_INPUT MATERIAL_:
----------------------------------------
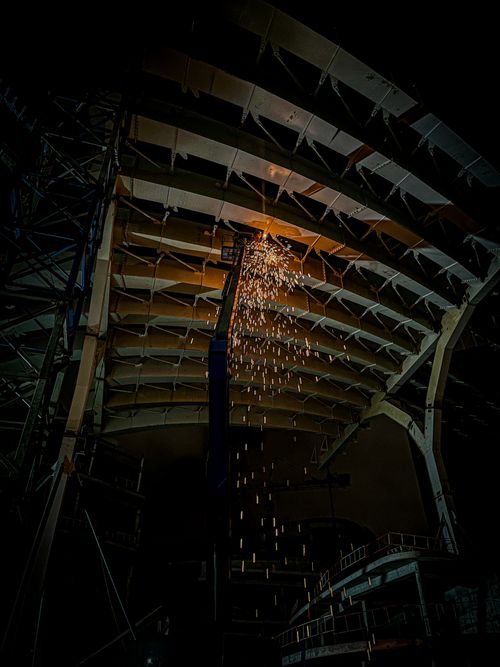 Free Steel Sparks Under an Industrial Arch – New Ibn Sina Hospital, Rabat, Morocco Stock Photo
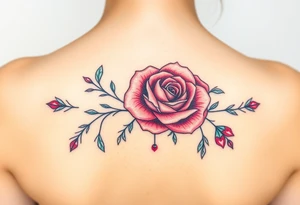 aquamarine color and rose color surrounded by ruby color tattoo idea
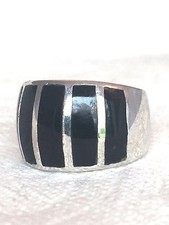 Vintage Sterling Silver Onyx Band Ring Size 6.25 9.2g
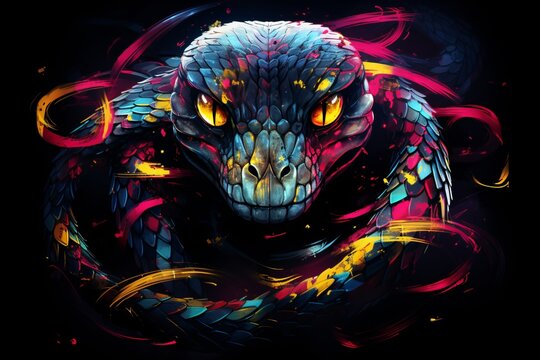 Creative colorful art of a snake 
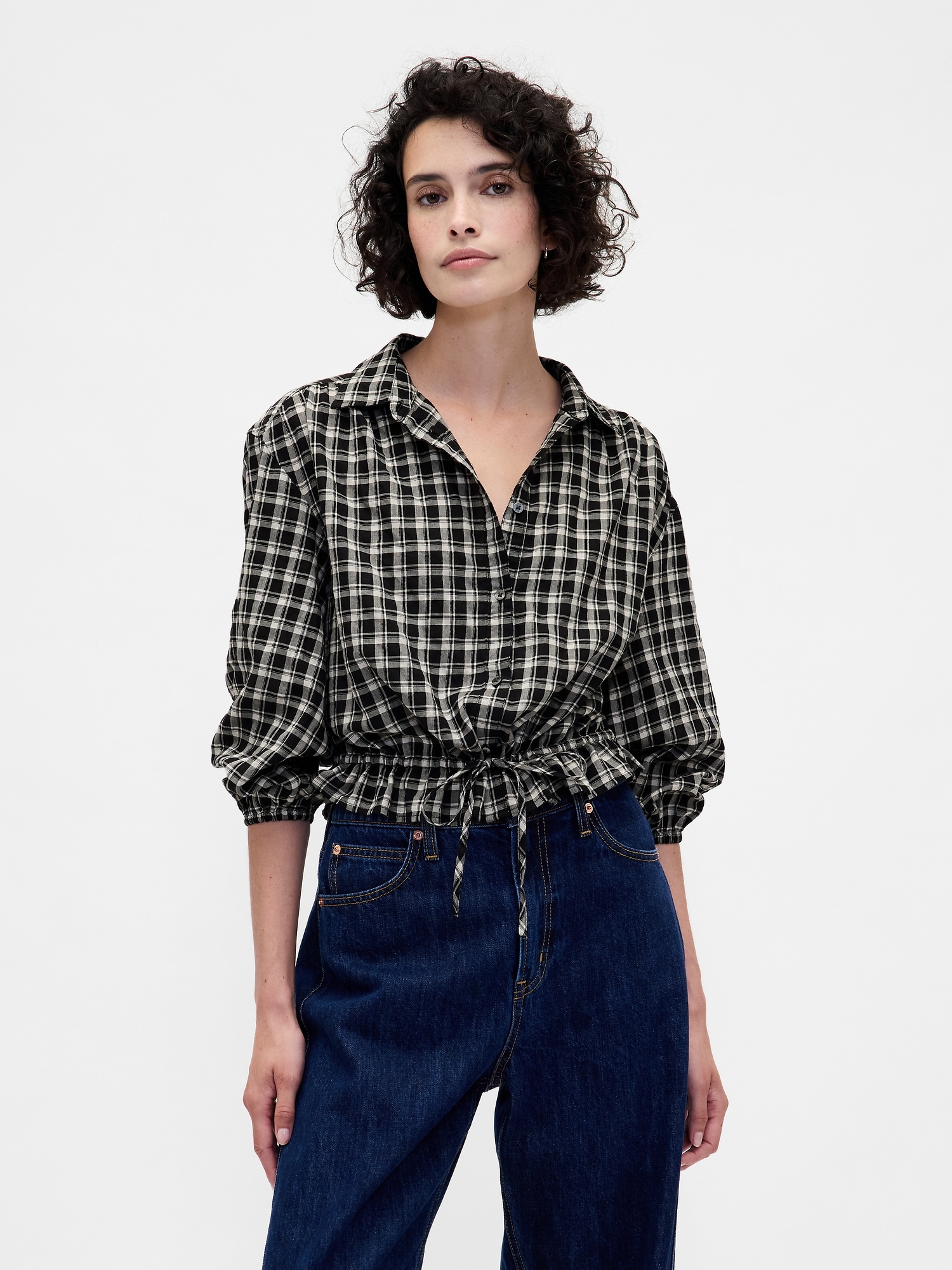 Gap Flannel Tie-waist Top In Brown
----------------------------------------
_WHAT THIS TASK INVOLVES_: Everything from the line with "aquamarine color and" through the last line of the listing should be retyped exactly, with both end lines kept and the pictures left out.

_TASK RESPONSE_:
 aquamarine color and rose color surrounded by ruby color tattoo idea
 Vintage Sterling Silver Onyx Band Ring Size 6.25 9.2g
 Creative colorful art of a snake 
 Gap Flannel Tie-waist Top In Brown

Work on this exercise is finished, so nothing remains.